> **WHAT THE EXERCISE ASKS**:
From top to bottom, return the listing exactly as it appears, omitting its images.

> **DATA EXTRACT**:
○ ○ ○
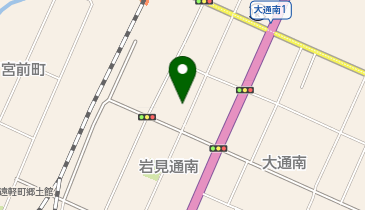 居酒屋すごろくの地図画像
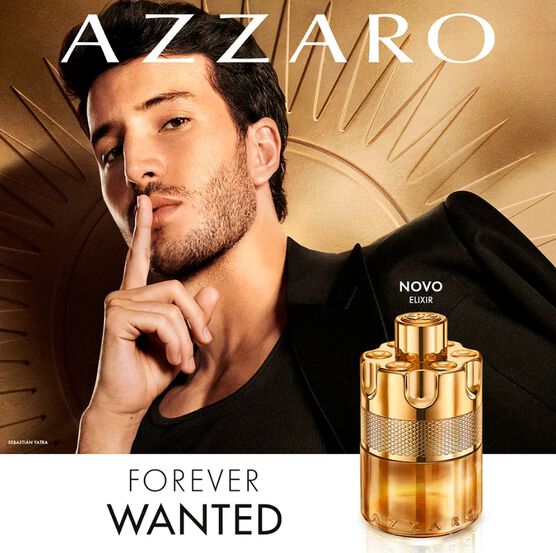 Perfume Azzaro Wanted Forever Elixir Parfum Masculino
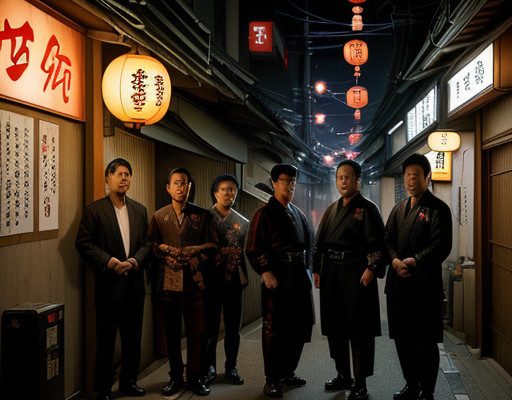 Sejarah dan Kegemilangan Yakuza di Dunia Budaya Populer: Legenda dan Peran Dalam Menguasai Hal-Hal Terkenal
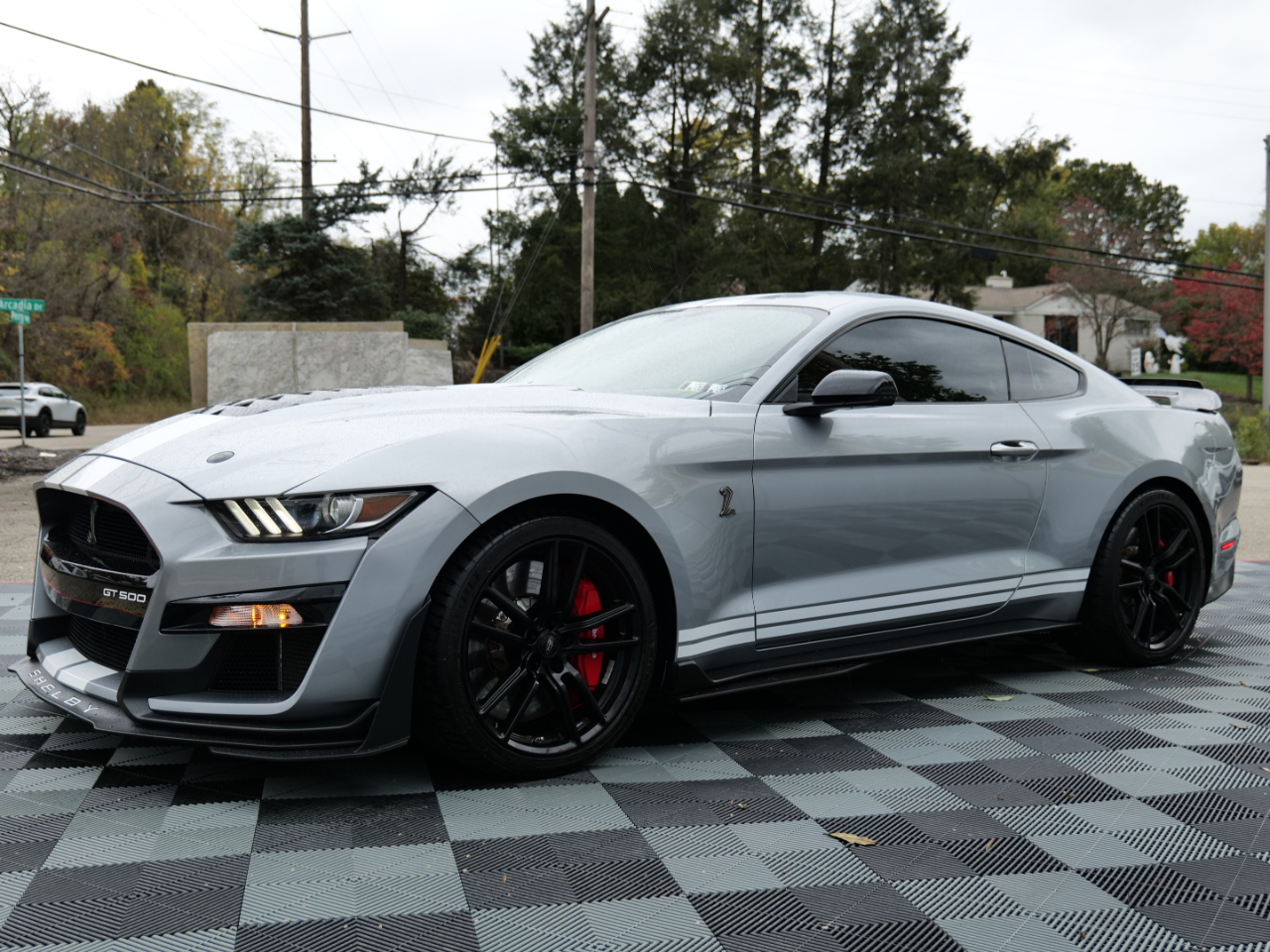 2021 Ford Mustang Shelby GT500 Image 1 of 100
○ ○ ○
> **ANSWER**:
 居酒屋すごろくの地図画像
 Perfume Azzaro Wanted Forever Elixir Parfum Masculino
 Sejarah dan Kegemilangan Yakuza di Dunia Budaya Populer: Legenda dan Peran Dalam Menguasai Hal-Hal Terkenal
 2021 Ford Mustang Shelby GT500 Image 1 of 100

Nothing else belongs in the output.